An Overview of Machine Learning Operations
Building Mature Machine Learning Production Systems through MLOps
Starting in 2018 the term “MLOps” (short for Machine Learning Operations) started to be used more widely to describe the discipline of standardizing and streamlining the machine learning lifecycle management process. MLOps advocates for bringing CI/CD practices into the machine learning lifecycle. MLOps lies at the intersection of data engineering, machine learning, and development operations.
It has famously been written that putting a machine learning model into production incurs a lot of technical debt. From ‘Hidden Technical Debt in Machine Learning Systems’, “developing and deploying ML systems is relatively fast and cheap, but maintaining them over time is difficult and expensive.” Because MLOPs’ goal is to automate and monitor all parts of the ML lifecycle, it has the ability to introduce systems that can reduce maintenance burden, complexity and ultimately technical debt.

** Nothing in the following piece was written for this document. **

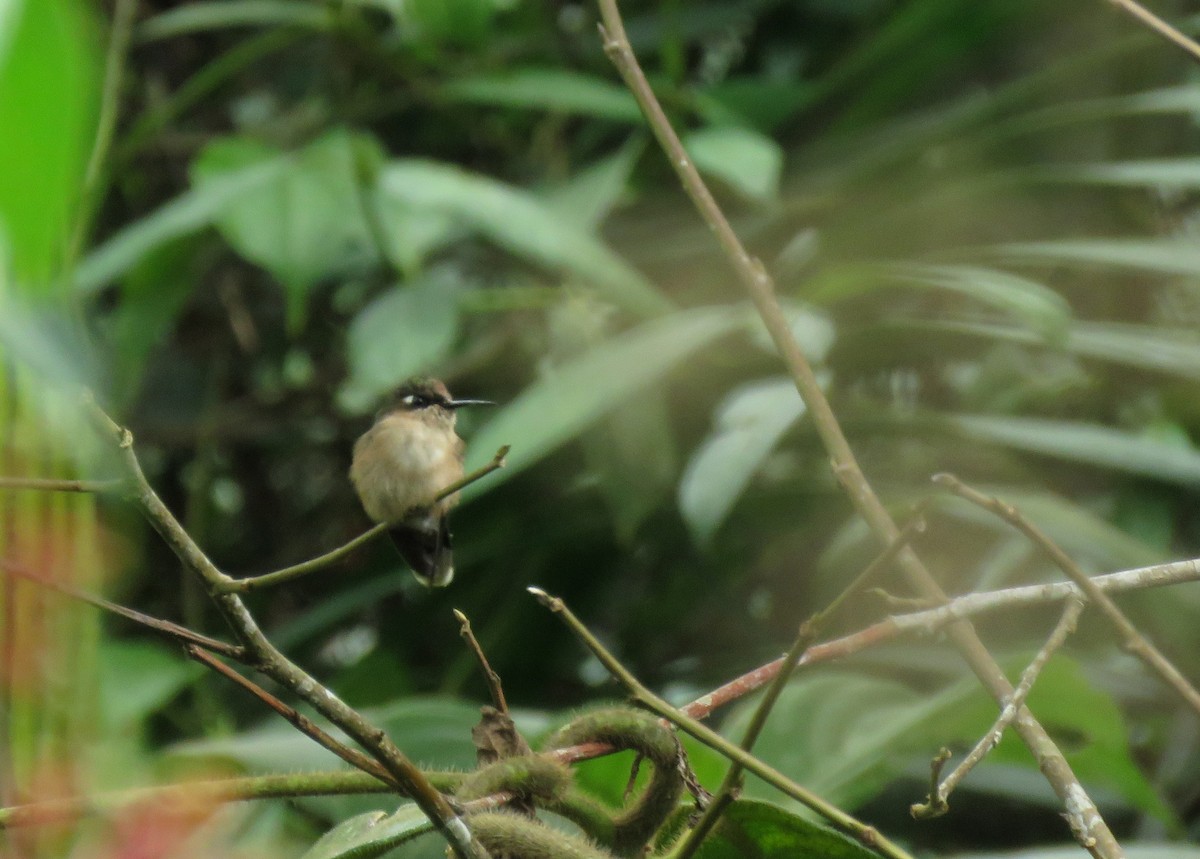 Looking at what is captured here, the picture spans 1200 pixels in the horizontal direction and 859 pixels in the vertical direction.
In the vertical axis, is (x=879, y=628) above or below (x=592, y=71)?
below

The popularization of MLOps can be seen as evidence of a larger maturation process that the field of machine learning is undergoing. Instead of Machine Learning Engineers and ML Platform teams providing infrastructure for just the model deployment process, we are expanding the camera view to look at the entire ML lifecycle. One could argue that MLOps is the foundation for more mature machine learning processes. With a more mature perspective, there can be a shift of focus onto what happens both before and after the model is put into production. New questions arise such as:
- How can we determine when a model is degrading and needs to be retrained?
- How can we perform root cause analysis on degrading models?

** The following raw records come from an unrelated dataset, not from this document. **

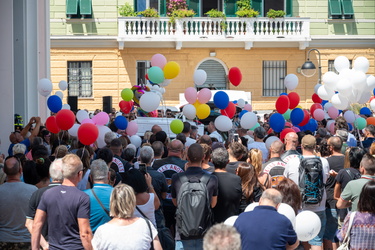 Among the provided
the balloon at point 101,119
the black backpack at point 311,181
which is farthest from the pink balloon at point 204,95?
the black backpack at point 311,181

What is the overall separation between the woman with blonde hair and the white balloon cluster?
6.37 metres

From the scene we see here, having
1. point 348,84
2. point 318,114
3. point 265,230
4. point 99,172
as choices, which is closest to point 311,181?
point 265,230

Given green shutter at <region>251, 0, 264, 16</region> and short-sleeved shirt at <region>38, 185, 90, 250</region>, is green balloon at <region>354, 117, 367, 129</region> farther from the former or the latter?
green shutter at <region>251, 0, 264, 16</region>

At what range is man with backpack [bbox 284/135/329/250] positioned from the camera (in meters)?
7.49

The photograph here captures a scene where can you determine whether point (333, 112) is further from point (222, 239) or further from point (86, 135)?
point (222, 239)

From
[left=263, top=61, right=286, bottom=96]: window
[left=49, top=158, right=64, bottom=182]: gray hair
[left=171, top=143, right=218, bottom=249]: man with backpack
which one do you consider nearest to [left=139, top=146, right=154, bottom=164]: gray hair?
[left=171, top=143, right=218, bottom=249]: man with backpack

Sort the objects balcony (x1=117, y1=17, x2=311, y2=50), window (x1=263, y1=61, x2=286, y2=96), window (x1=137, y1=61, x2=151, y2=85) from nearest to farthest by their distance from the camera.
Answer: balcony (x1=117, y1=17, x2=311, y2=50) < window (x1=137, y1=61, x2=151, y2=85) < window (x1=263, y1=61, x2=286, y2=96)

- How can data scientists easily iterate on their models?
- How can data scientists track what iterations of their model they have already been tested in order to gain insight on what iterations to test in the future?
- How can we facilitate the sharing and reuse of models?
- How can we create and document model lineage and history?
- How can we A|B test models to determine if a challenger model is ready to replace a champion model?
While many different functionalities can be considered part of the MLOps realm, some of the more core components of a sound MLOps infrastructure include versioning, run tracking, AB experimentation and monitoring. For these core components of MLOps, we’ll now review what defines these problems, key considerations, and potential solutions.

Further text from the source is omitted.